→ Records to process
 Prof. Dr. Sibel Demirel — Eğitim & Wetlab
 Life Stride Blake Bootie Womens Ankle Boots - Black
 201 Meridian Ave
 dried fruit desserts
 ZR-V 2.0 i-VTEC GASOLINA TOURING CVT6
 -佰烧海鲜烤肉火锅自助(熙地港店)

==

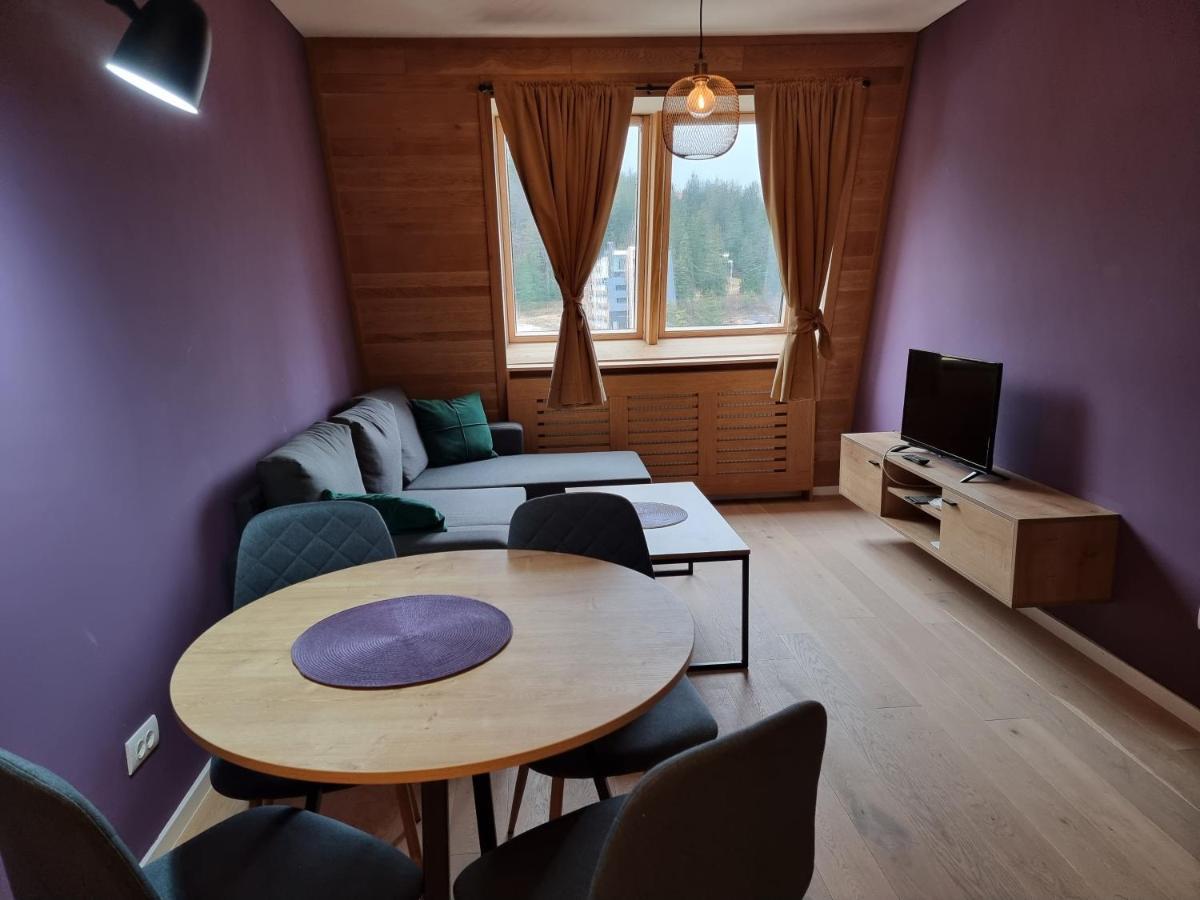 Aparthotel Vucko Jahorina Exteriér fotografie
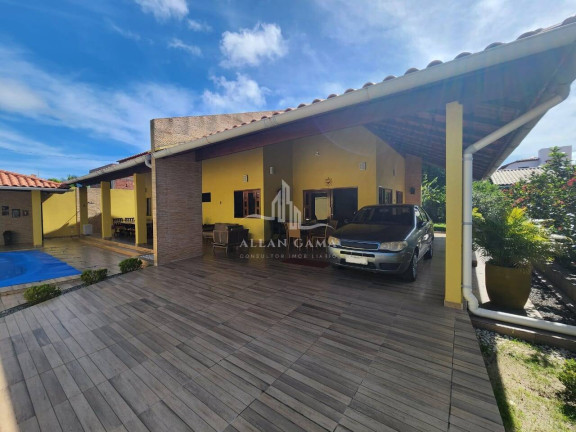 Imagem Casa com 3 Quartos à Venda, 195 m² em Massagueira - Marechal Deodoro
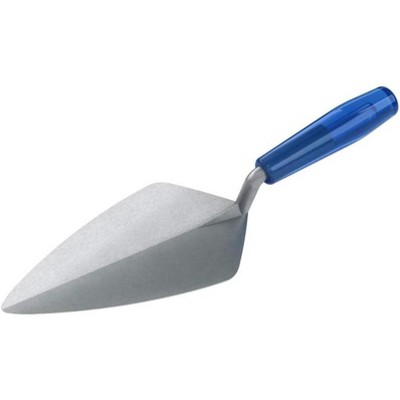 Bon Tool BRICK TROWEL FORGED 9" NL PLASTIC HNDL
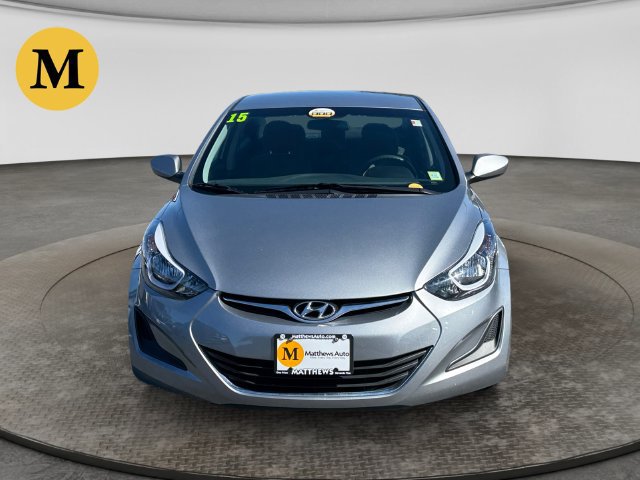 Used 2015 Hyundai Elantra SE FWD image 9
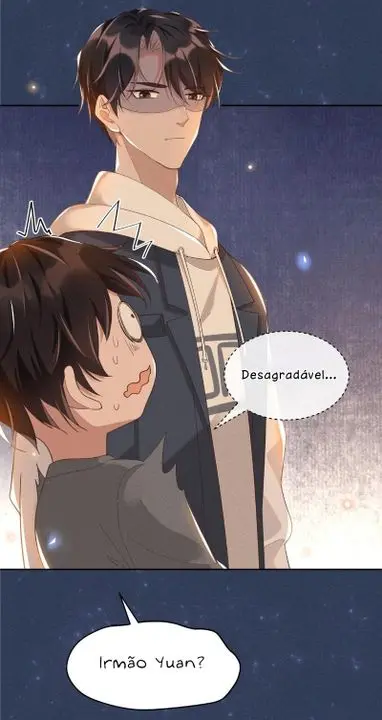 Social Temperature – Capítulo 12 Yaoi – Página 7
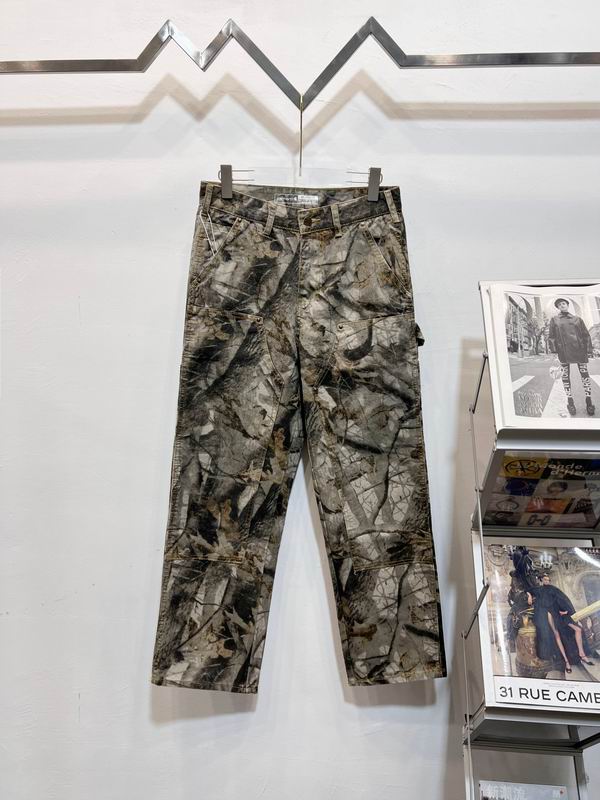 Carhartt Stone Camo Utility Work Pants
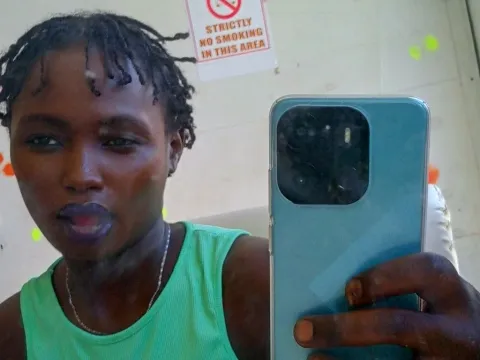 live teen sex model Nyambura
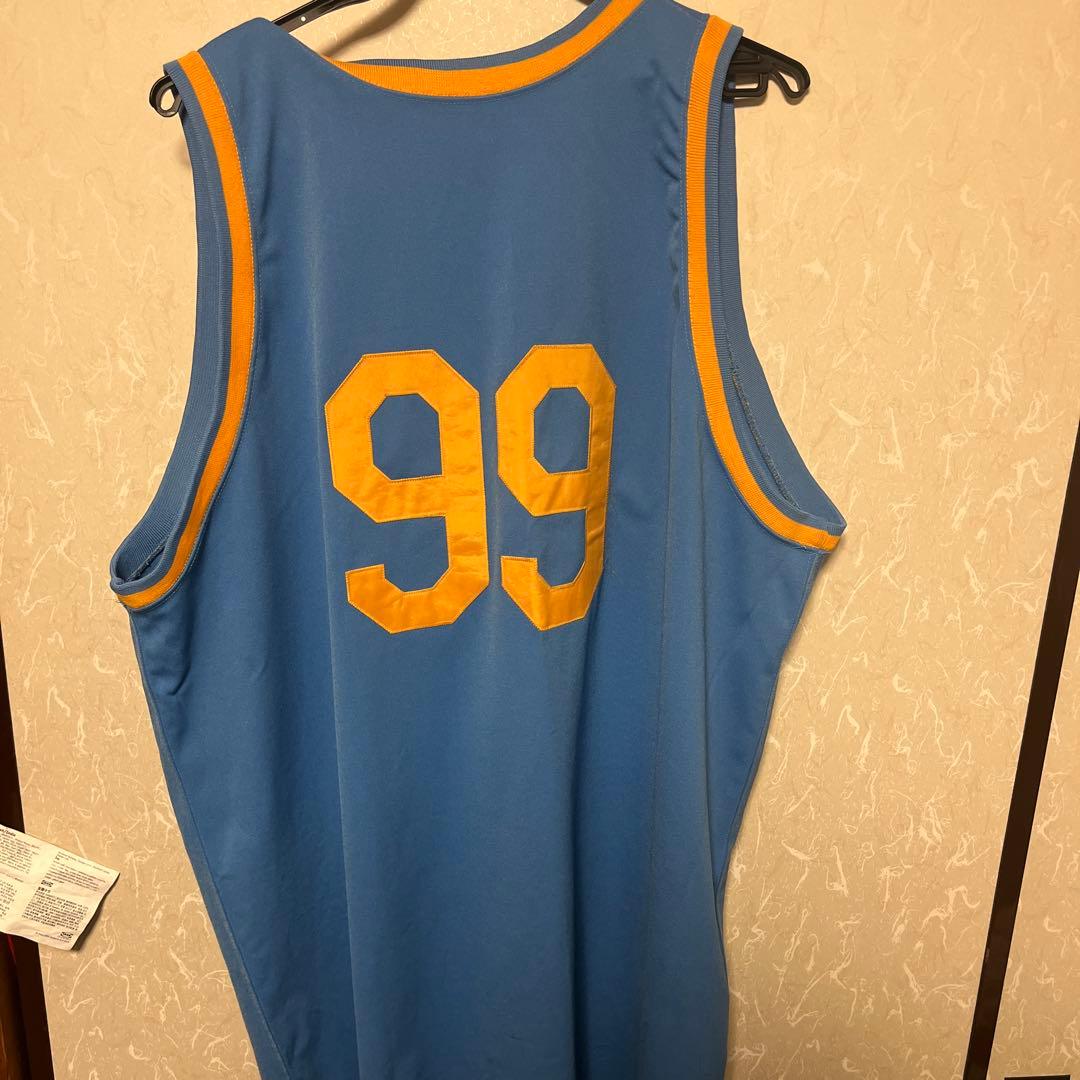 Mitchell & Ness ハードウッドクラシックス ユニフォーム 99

* * *

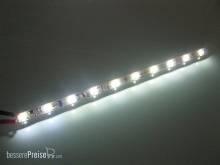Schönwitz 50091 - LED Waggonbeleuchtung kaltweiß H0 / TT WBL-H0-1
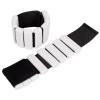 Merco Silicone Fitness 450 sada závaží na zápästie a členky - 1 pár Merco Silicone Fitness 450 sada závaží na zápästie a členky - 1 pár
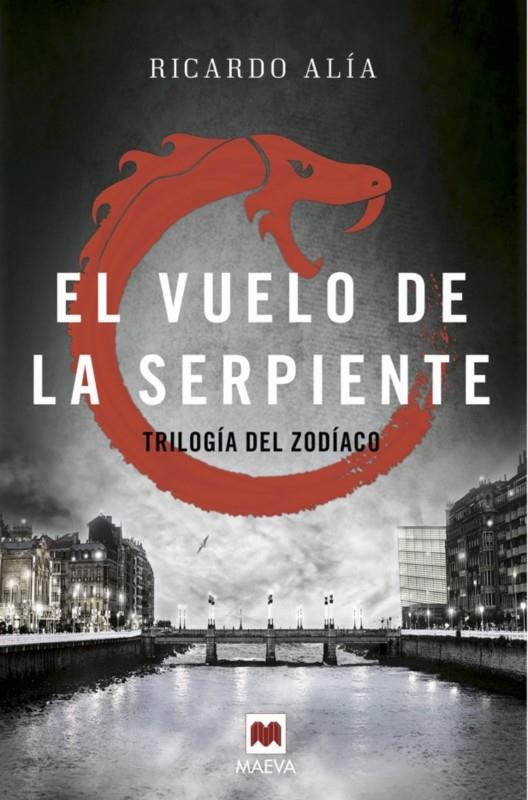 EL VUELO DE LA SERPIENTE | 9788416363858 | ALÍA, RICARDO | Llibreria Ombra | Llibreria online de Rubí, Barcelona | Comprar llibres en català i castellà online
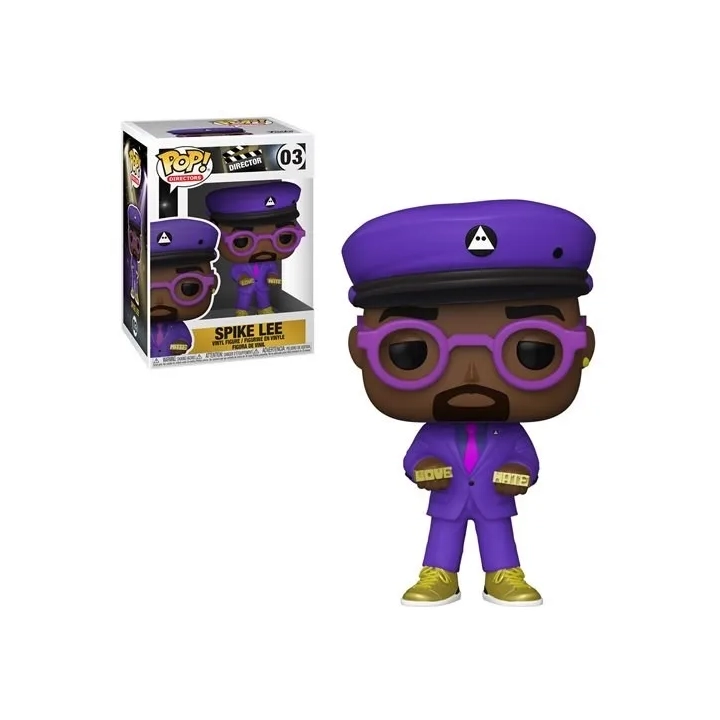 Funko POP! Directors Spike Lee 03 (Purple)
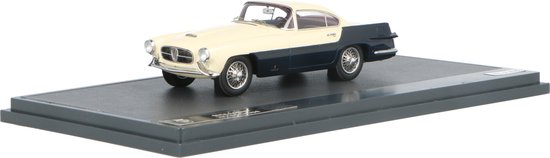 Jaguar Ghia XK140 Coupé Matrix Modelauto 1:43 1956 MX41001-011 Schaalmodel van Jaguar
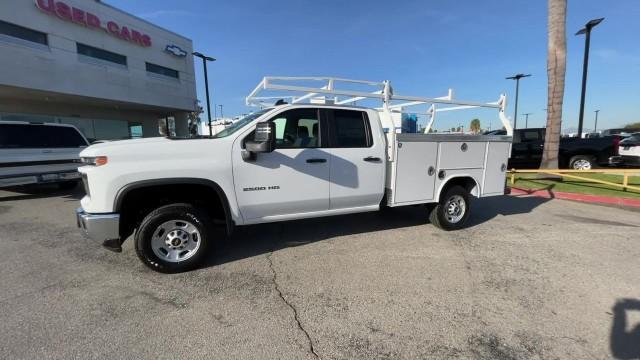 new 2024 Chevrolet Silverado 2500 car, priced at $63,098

→ Activity
Reproduce, word for word and in full, only the lines above that start at the line with "Life Stride Blake" and run through the line with "-佰烧海鲜烤肉火锅自助(熙地港店)", both ends included.

→ Answer to this exercise
 Life Stride Blake Bootie Womens Ankle Boots - Black
 201 Meridian Ave
 dried fruit desserts
 ZR-V 2.0 i-VTEC GASOLINA TOURING CVT6
 -佰烧海鲜烤肉火锅自助(熙地港店)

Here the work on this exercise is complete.